# Voice Recognition Security System
Interface for voice-based access control using ML classification.

In [None]:
import tkinter as tk
from tkinter import filedialog
import torch
import torch.nn as nn
from torchvision.models import resnet18
from IPython.display import Audio, display
import os
import numpy as np
import librosa
from PIL import Image
from torchvision import transforms
from torch.utils.data import TensorDataset, DataLoader
from df.enhance import init_df, enhance
from resample_audio_and_clear_of_noise import re_sample_audio, is_valid_wav_file

LOCATORS_SPEAKERS_LIST = ["f1", "f7", "f8", "m3", "m6", "m8"]

# Initialize models
model_df, df_state, _ = init_df()

# Load classification model
device = torch.device('cuda' if torch.cuda.is_available() else 'cpu')
model = resnet18()
model.fc = nn.Linear(model.fc.in_features, 20)  # Original number of classes
model.load_state_dict(torch.load('trained_model3.pth', map_location=device))
model.to(device)
model.eval()

In [None]:
def process_file(file_path):
    """Process audio file and verify identity"""
    try:
        if not is_valid_wav_file(file_path):
            print("Invalid WAV file")
            return

        # Resample audio to 48kHz
        re_sample_audio(file_path)
        
        # Get audio segments using silence removal function
        audio, sr = librosa.load(file_path, sr=48000)
        audio_tensor = torch.from_numpy(audio).float().unsqueeze(0)
        enhanced = enhance(model_df, df_state, audio_tensor)
        enhanced_numpy = enhanced.squeeze(0).cpu().numpy()
        
        segments = librosa.effects.split(enhanced_numpy, top_db=60)
        print(f"Found {len(segments)} segments")

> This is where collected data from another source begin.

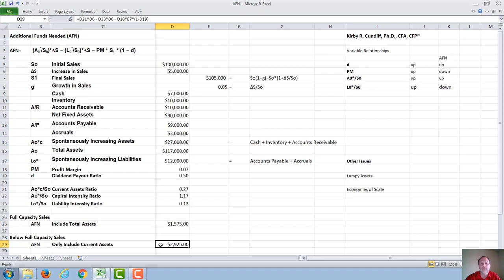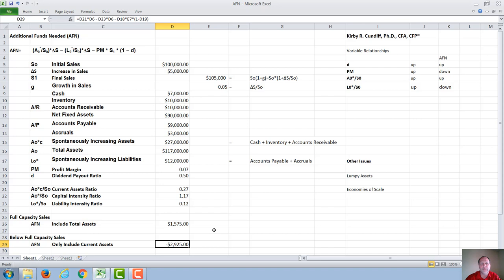If we look at the same company in the case where their fixed assets — their factory — is partially idle, so they don't need to increase fixed assets and are operating at below full capacity sales, then they're going to need obviously less money to expand. The difference between this formula and this formula is we use D21, the current asset ratio of 0.27, instead of D22, the capital intensity ratio of 1.17. In the full capacity case, the company needs $1,575 in additional funds. In the below capacity case, the company is generating more funds than it needs and has an extra $2,925. It can use that money to pay back debt, buy back stock, or increase dividends.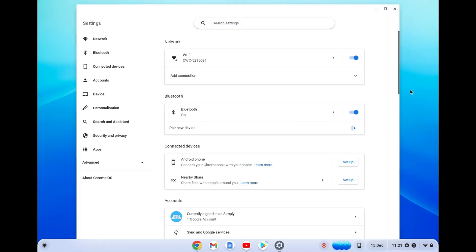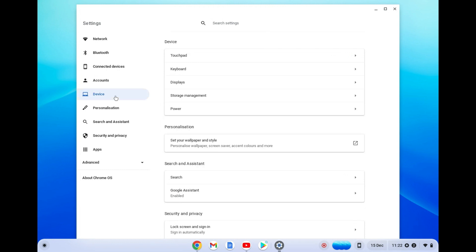After selecting the settings cog, go over to the left hand menu section and select device. After selecting device, tap on power.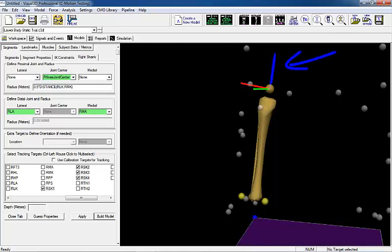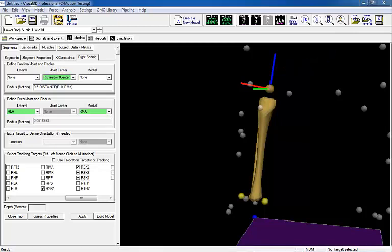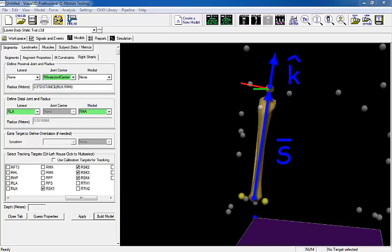Visual 3D first defines the distal-to-proximal axis by finding the midpoint of the distal and proximal ends, drawing a vector s between these two points, and finding the unit vector of vector s.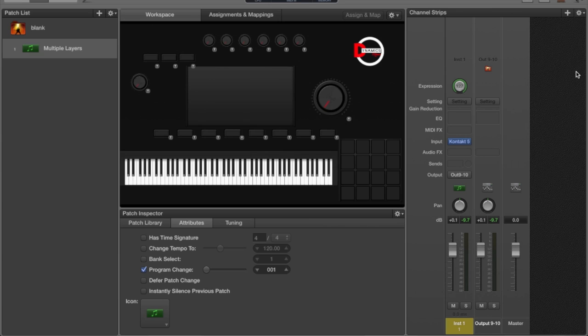Today we're going to be talking about how to run multiple layers inside of MainStage 3, the proper way to set it up, especially if you're using Kontakt 5 or Kontakt.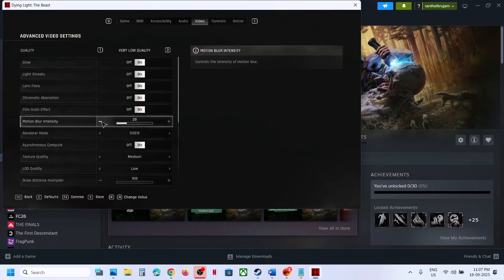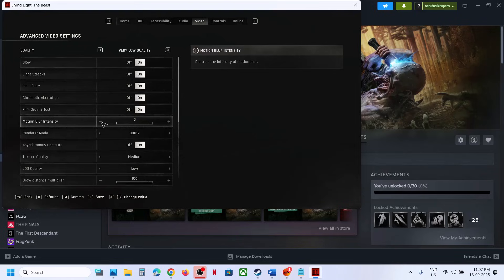To turn it off, you can just lower it down and set it to zero. And this is how you can turn it off. And if you want to turn on the motion blur, you can just increase the intensity.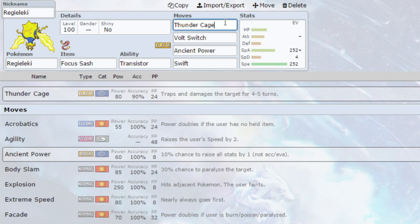Ancient Power, powerful Rock Type attack. It can raise all your stats by one. If you get that stat boost, it's a 10% chance, so it's a low chance to get it. But if you get that stat boost, Regieleki can go in and just completely destroy everything. If you get that Ancient Power boost, it will hopefully get you a 6-0.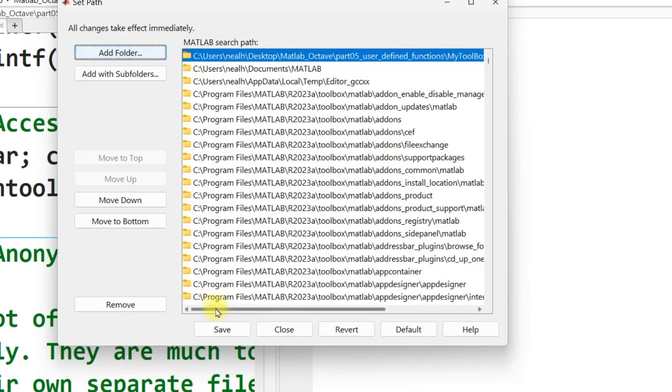Now, in Octave, addpath works exactly as it does here. However, pathtool does not. I haven't delved deep into methods in Octave for how to figure out what folders should be in the path. But there are ways to modify that. I recommend looking online. Addpath does work.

        authorized_count = 0
        processed_segments = 0
        
        for i, (start, end) in enumerate(segments):
            segment = enhanced_numpy[start:end]
            if len(segment) / sr < 4:  # Skip segments shorter than 4 seconds
                continue
                
            try:
                # Generate spectrogram
                spec = librosa.stft(segment)
                spec_db = librosa.amplitude_to_db(abs(spec))
                
                # Normalize
                spec_norm = (spec_db - spec_db.min()) / (spec_db.max() - spec_db.min())
                
                # Convert to PIL image and resize to fixed dimensions
                spec_image = Image.fromarray(spec_norm).resize((224, 224))
                spec_tensor = transforms.ToTensor()(spec_image)
                spec_tensor = spec_tensor.repeat(3, 1, 1)  # Convert to 3 channels
                spec_tensor = spec_tensor.unsqueeze(0)  # Add batch dimension
                spec_tensor = spec_tensor.to(device)
                
                # Get prediction
                with torch.no_grad():
                    output = model(spec_tensor)
                    probs = torch.nn.functional.softmax(output, dim=1)
                    pred_idx = torch.argmax(output).item()
                    confidence = probs[0][pred_idx].item() * 100
                    
                    is_authorized = pred_idx < 6  # First 6 classes are authorized speakers
                    if is_authorized:
                        authorized_count += 1
                        speaker = LOCATORS_SPEAKERS_LIST[pred_idx]
                    else:
                        speaker = f"unauthorized (class {pred_idx})"
                    
                    print(f"Segment {i+1}: {speaker} (Confidence: {confidence:.2f}%)")
                    processed_segments += 1
                
            except Exception as e:
                print(f"Error processing segment: {str(e)}")
                continue
            
        if processed_segments > 0:
            final_authorized = authorized_count > processed_segments / 2
            print("\nAccess Decision:")
            print("✅ ACCESS GRANTED" if final_authorized else "❌ ACCESS DENIED")
            print(f"Authorized segments: {authorized_count}/{processed_segments}")
            
            display(Audio(file_path))
            
    except Exception as e:
        print(f"Error processing file: {str(e)}")

In [None]:
from ipywidgets import Button, Output

output = Output()
button = Button(description='Upload and Process WAV File')

def on_button_click(b):
    with output:
        output.clear_output()
        root = tk.Tk()
        root.withdraw()
        file_path = filedialog.askopenfilename(
            title='Select WAV File',
            filetypes=[('WAV files', '*.wav')]
        )
        if file_path:
            process_file(file_path)

button.on_click(on_button_click)
display(button, output)